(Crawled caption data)
════════════════════

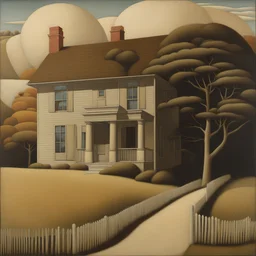 a house by George Underwood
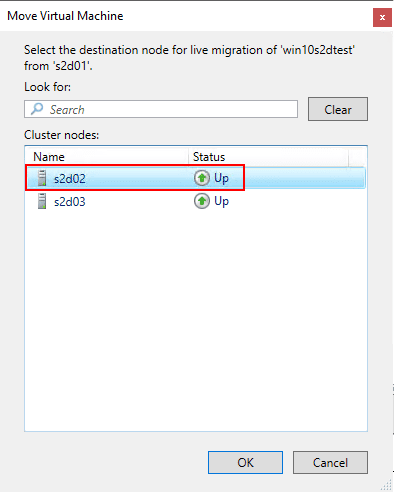 Live-Migration-of-a-Hyper-V-Virtual-Machine-to-another-Hyper-V-host-in-the-cluster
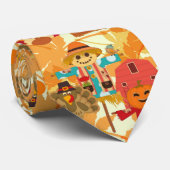 Erntedank-Schareck Krawatte (Gerollt)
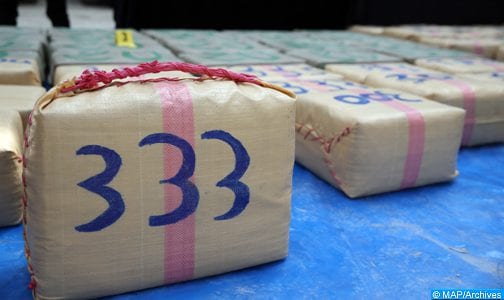 معبر الكركارات. إجهاض محاولة تهريب 936 كيلوغراما من الحشيش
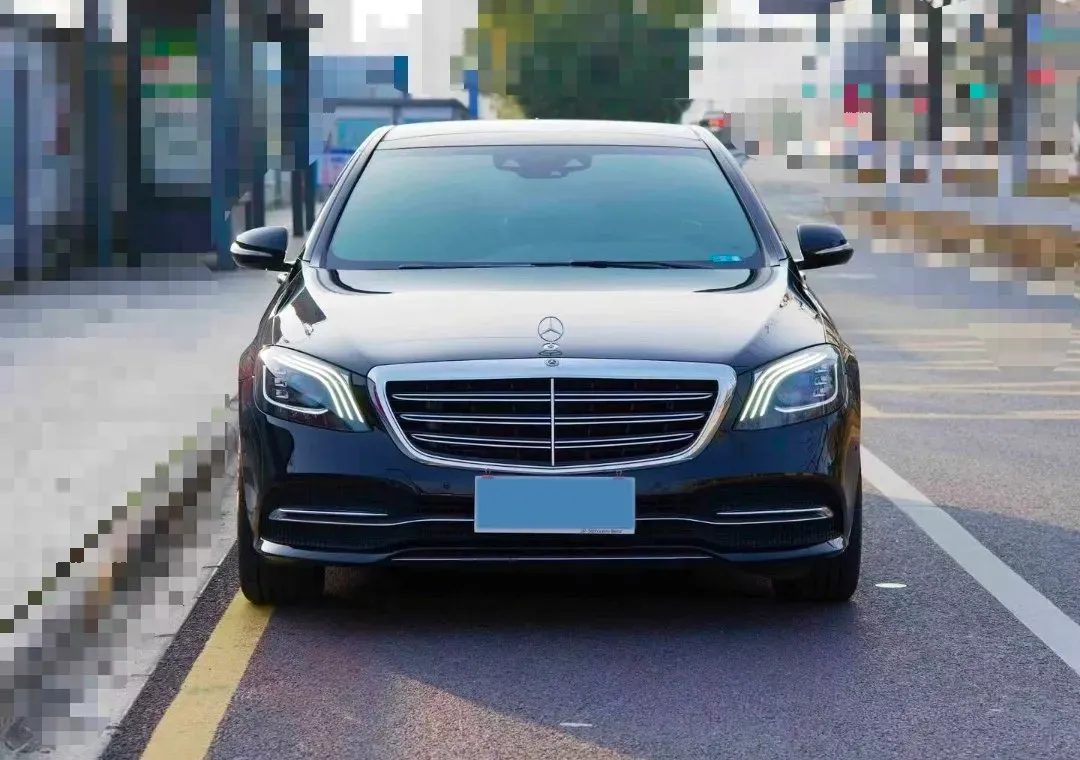 2020 Mercedes-Benz S Class 3.0T 299HP L6 9AT,autocango,china used car exporter,china ev exporter,chinese used car exporter,chinese used ev exporter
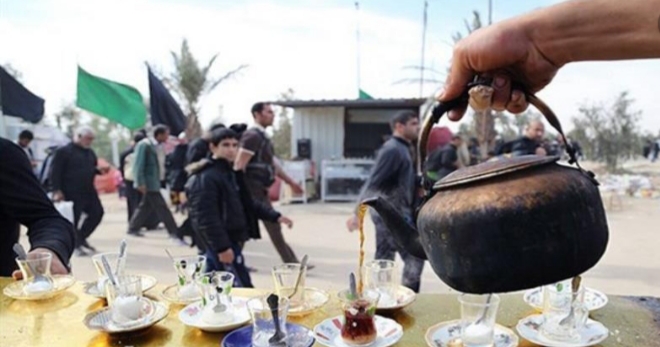 تدارک استقرار موکب‌ها در مسیر خسروی به عتبات عالیات در اربعین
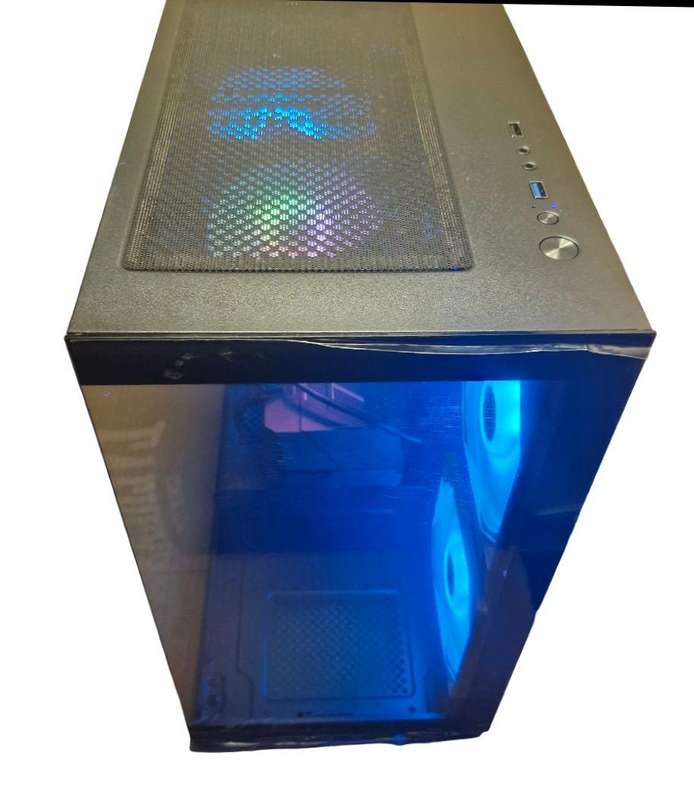 Gaming PC with ARGB, GTX1660 Super 6Gb GPU, i5-7500 CPU, 16Gb RAM, 512Gb NvMe, Win 11 Pro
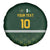 Custom Pakistan Men in Green Cricket-The Super Stars Spare Tire Cover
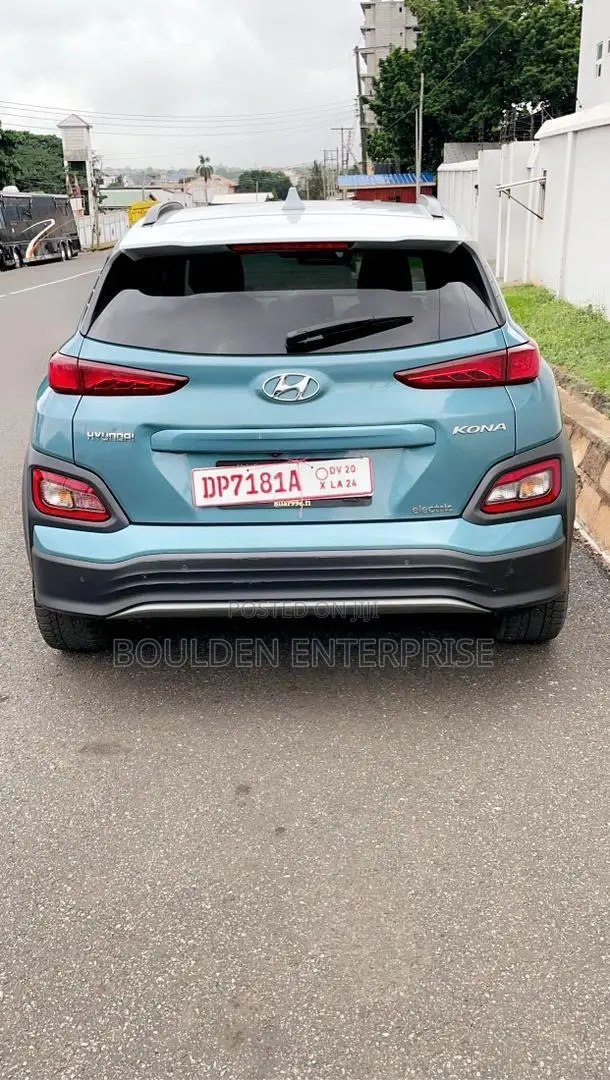 Hyundai Kona EV 2019 Beige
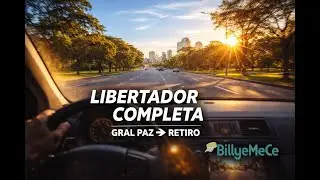 El Túnel Verde de Buenos Aires: Av. Libertador al Amanecer 🌳🚗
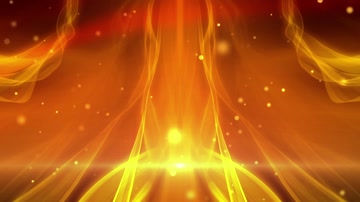 金色粒子唯美节日晚会背景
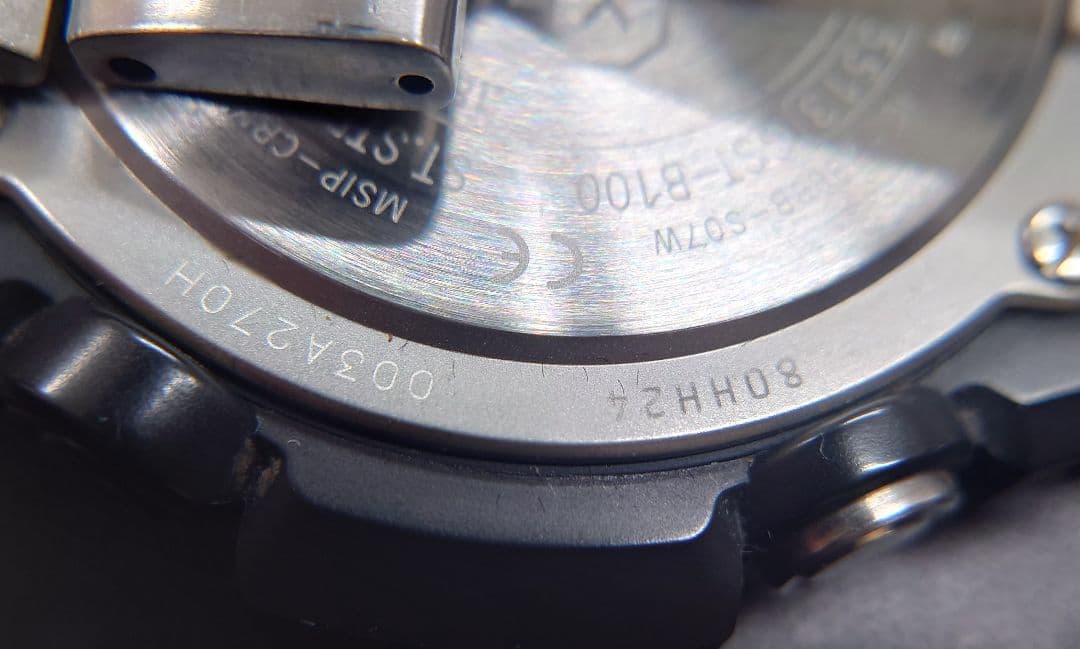 G-SHOCK GST-B100 Casio クォーツ 腕時計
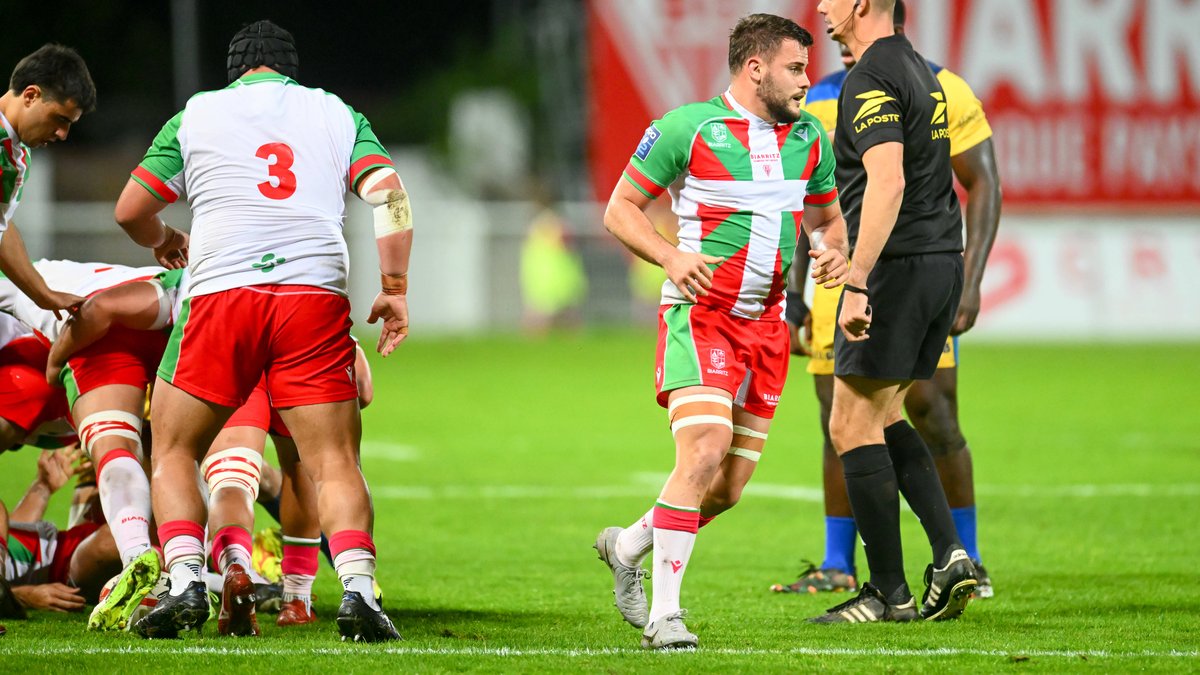 Pro D2 - Thomas Hébert, un retour en trombe à Biarritz - rugbyrama.fr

════════════════════

| Aim of the task |
The copy should hold exactly the lines from the line containing "Hyundai Kona EV 2019 Beige" through the last line of the records, both included, and no pictures or other lines.

| Problem solution |
 Hyundai Kona EV 2019 Beige
 El Túnel Verde de Buenos Aires: Av. Libertador al Amanecer 🌳🚗
 金色粒子唯美节日晚会背景
 G-SHOCK GST-B100 Casio クォーツ 腕時計
 Pro D2 - Thomas Hébert, un retour en trombe à Biarritz - rugbyrama.fr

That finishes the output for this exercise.